‘Pakistan has learnt its lesson’: PM Shahbaz Sharif offers olive branch to India, calls for peace
With terror-related violence on the rise in Pakistan since the Tehreek-e-Taliban Pakistan (TTP) broke a ceasefire with security forces in late November, Prime Minister Shehbaz Sharif has called for a “critical and honest talk” with Prime Minister Narendra Modi on “burning points like Kashmir,” news agency ANI reported.
Sharif stated in an interview with the Dubai-based Arabic news television channel Al Arabiya that the three wars with India have “only added to the people’s distress, poverty, and unemployment.”
“My message to the Indian management and PM Modi is that allow us sit down on the desk and have critical and honest talks to resolve our burning points like Kashmir. It’s as much as us to stay peacefully and make progress or quarrel with one another, and waste time and assets,” the Pakistani prime minister said.
“We now have three wars with India and it solely introduced extra distress, poverty and unemployment to the individuals. We now have learnt our lesson and we wish to stay in peace, but for that we should be capable of resolving our real issues,” he added.
The Pakistan Muslim League (N) leader went on to say that both countries have nuclear weapons and are well-armed. “God forbids, if a warfare breaks out, who will stay to tell what had happened”.
Sharif’s remark was made at a time when Pakistan has been severely impacted by an uptick in terrorism-related incidents, a dismal economy, and growing political instability. When compared to the same period in 2021, the inflows of foreign direct investment fell by more than 50 per cent, totaling $430 million for the period of July through November 2022.
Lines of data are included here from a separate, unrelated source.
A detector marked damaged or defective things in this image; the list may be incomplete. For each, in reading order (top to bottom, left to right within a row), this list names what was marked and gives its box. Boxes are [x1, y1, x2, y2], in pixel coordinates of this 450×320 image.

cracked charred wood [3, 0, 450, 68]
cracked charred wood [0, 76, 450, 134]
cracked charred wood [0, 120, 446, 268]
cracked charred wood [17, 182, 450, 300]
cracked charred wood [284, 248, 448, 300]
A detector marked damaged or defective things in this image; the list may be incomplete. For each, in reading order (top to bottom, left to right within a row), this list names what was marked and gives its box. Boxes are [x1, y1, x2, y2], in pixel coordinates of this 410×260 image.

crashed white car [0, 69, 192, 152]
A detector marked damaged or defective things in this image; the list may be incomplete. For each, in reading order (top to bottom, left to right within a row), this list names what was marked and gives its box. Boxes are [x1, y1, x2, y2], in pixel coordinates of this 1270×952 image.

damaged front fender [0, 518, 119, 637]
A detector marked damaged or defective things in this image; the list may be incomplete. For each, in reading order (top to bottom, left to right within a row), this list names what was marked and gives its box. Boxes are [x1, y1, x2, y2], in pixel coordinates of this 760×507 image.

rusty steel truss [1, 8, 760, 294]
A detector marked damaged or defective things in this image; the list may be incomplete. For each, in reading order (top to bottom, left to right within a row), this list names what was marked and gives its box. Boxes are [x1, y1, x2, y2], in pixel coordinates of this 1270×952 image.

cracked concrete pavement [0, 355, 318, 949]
Pakistan is also experiencing political unrest, with ousted Prime Minister Imran Khan claiming that President Dr Arif Alvi will soon request a vote of confidence from Prime Minister Shehbaz Sharif. Dr. Alvi is a member of Khan’s Pakistan Tehreek-i-Insaf (PTI), and the federal coalition is surviving on a razor’s edge.
In November 2022, India criticised Pakistan at the UN debate for bringing up the Kashmir issue, calling it “desperate attempts to peddle falsehoods.”
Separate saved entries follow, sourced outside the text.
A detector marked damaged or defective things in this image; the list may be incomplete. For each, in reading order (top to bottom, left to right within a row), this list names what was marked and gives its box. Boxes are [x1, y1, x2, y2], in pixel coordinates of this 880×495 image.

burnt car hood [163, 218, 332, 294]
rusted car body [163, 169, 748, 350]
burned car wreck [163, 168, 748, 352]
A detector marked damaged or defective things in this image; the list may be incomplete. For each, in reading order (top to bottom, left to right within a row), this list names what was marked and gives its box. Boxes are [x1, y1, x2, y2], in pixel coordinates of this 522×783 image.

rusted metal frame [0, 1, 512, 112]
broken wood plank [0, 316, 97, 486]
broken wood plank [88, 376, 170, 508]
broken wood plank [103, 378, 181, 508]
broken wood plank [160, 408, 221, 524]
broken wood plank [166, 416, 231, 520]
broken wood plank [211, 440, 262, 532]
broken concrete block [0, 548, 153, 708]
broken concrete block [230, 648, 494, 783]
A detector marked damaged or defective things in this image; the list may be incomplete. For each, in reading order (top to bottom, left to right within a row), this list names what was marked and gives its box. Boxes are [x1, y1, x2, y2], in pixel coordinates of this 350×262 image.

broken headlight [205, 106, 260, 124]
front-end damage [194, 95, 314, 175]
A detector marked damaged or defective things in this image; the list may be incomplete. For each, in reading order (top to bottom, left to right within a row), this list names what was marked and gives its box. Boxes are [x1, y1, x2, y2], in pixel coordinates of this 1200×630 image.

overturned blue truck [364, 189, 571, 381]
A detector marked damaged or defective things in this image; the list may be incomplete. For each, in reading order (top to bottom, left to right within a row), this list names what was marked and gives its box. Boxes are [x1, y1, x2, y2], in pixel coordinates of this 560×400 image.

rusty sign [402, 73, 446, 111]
Pratik Mathur, Counsellor in India’s Permanent Mission to the UN, had said: “Jammu and Kashmir, let me repeat once again for his benefit, remains an integral and inalienable part of India, irrespective of what the representative of Pakistan believes or covets. Pakistan’s desperate attempts to peddle falsehoods and a bad habit of abusing the sanctity of multilateral forums deserve our collective contempt and perhaps some sympathy as well.”